WHAT THE EXERCISE ASKS: Please restate word for word all lines from the one containing "After the measurement" to the final line of the entries, and include no pictures.

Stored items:
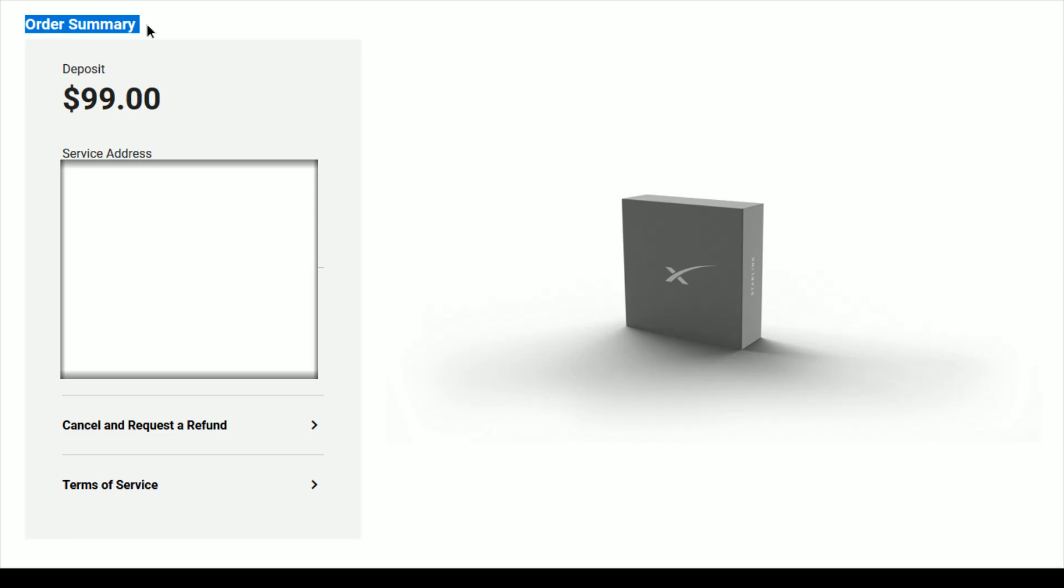And once you log in on your order summary page, just go down and there should be an option to cancel and request a refund down here. So you can click on that.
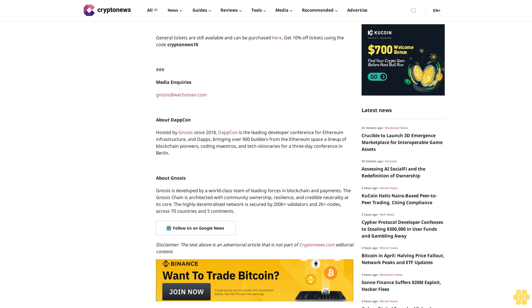About DappCon: Hosted by Gnosis since 2018, DappCon is the leading developer conference for Ethereum infrastructure and dApps, bringing over 900 builders from the Ethereum space—a lineup of blockchain pioneers, coding maestros, and tech visionaries—for a three-day conference in Berlin.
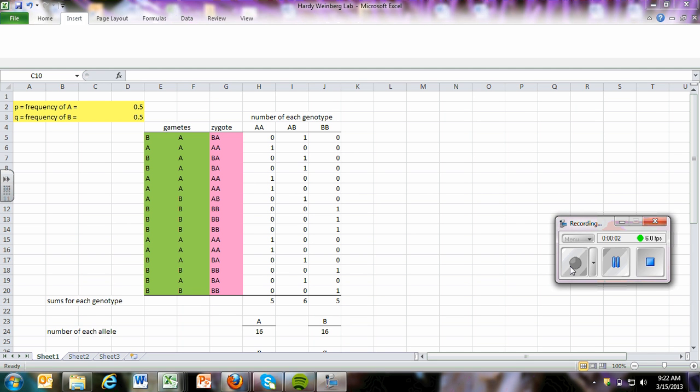Hello, everyone. This is one of three tutorials designed to help you complete the Hardy-Weinberg lab. This first one is going to show you how to create the model, and we'll discuss what the different formulas are doing on the spreadsheet. The second one will be designed to show you how to add several generations and to create increased population size. And then the third video will show you how to create a graph and to interpret some of the findings of your investigations.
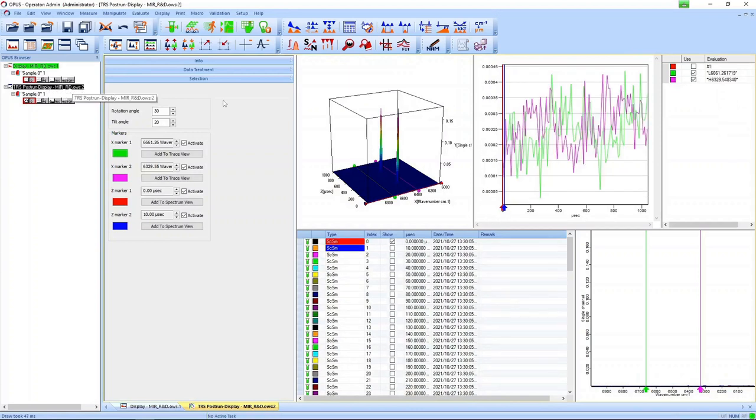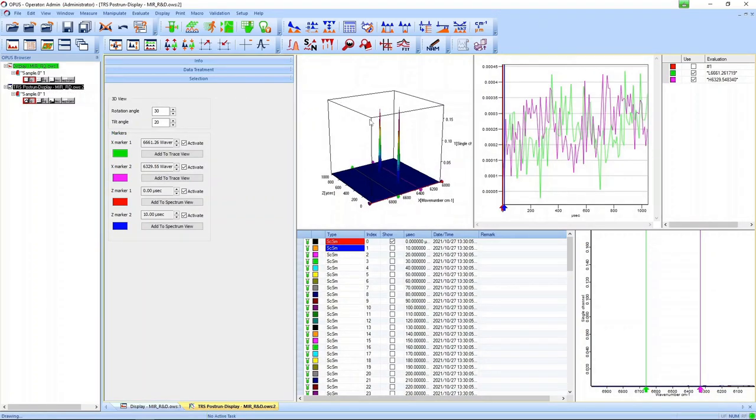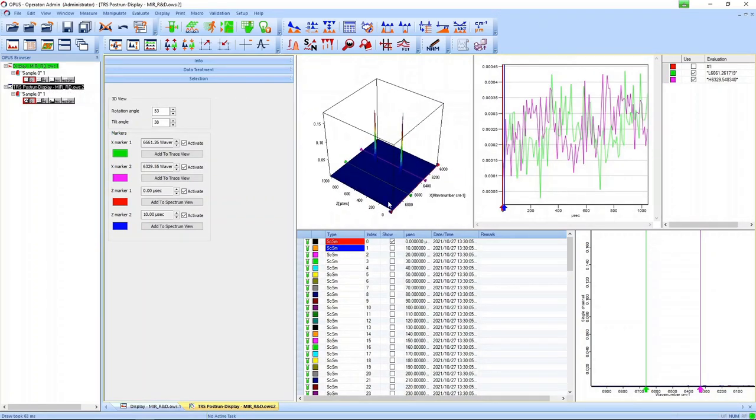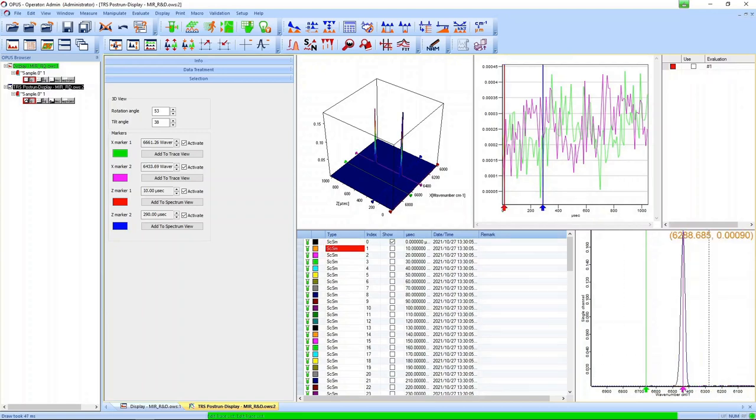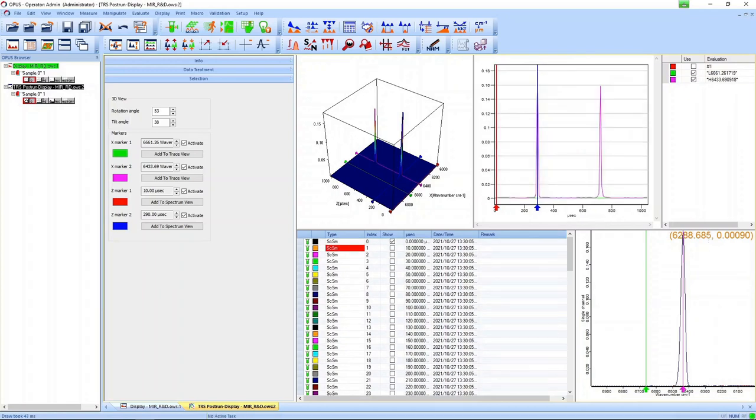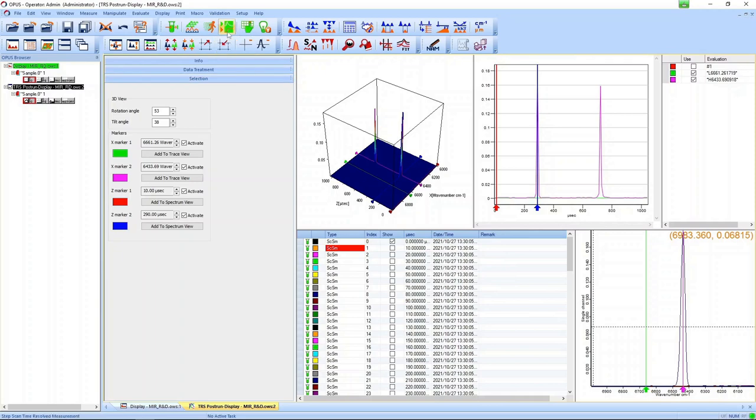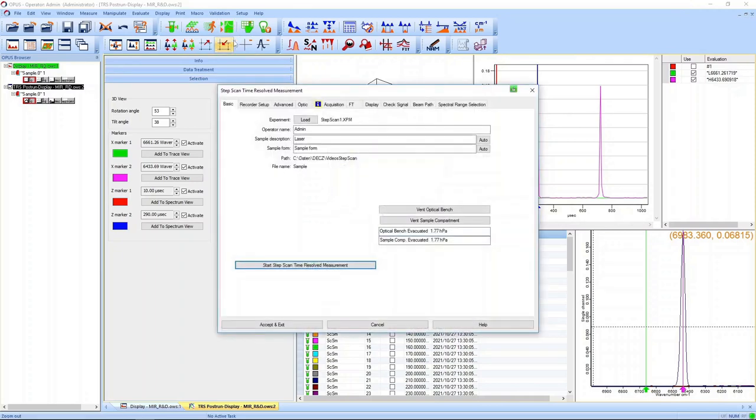After the measurement finished we open the result and see two pulses. We can zoom into the spectral region and see that the pulses are located around 6450 wavenumbers. In the temporal profile the pulses appear very sharp. We want to change this.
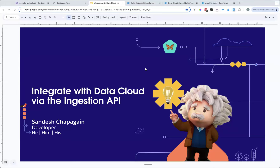Hey, welcome, and thanks everyone for joining this session. We're back here with the Data Cloud Deep Dive series. This is series number five, and today we have Sandesh. He's going to walk us through the integration of Data Cloud using the Ingestion API.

WRITTEN RESPONSE:
After the measurement finished we open the result and see two pulses. We can zoom into the spectral region and see that the pulses are located around 6450 wavenumbers. In the temporal profile the pulses appear very sharp. We want to change this.
Hey, welcome, and thanks everyone for joining this session. We're back here with the Data Cloud Deep Dive series. This is series number five, and today we have Sandesh. He's going to walk us through the integration of Data Cloud using the Ingestion API.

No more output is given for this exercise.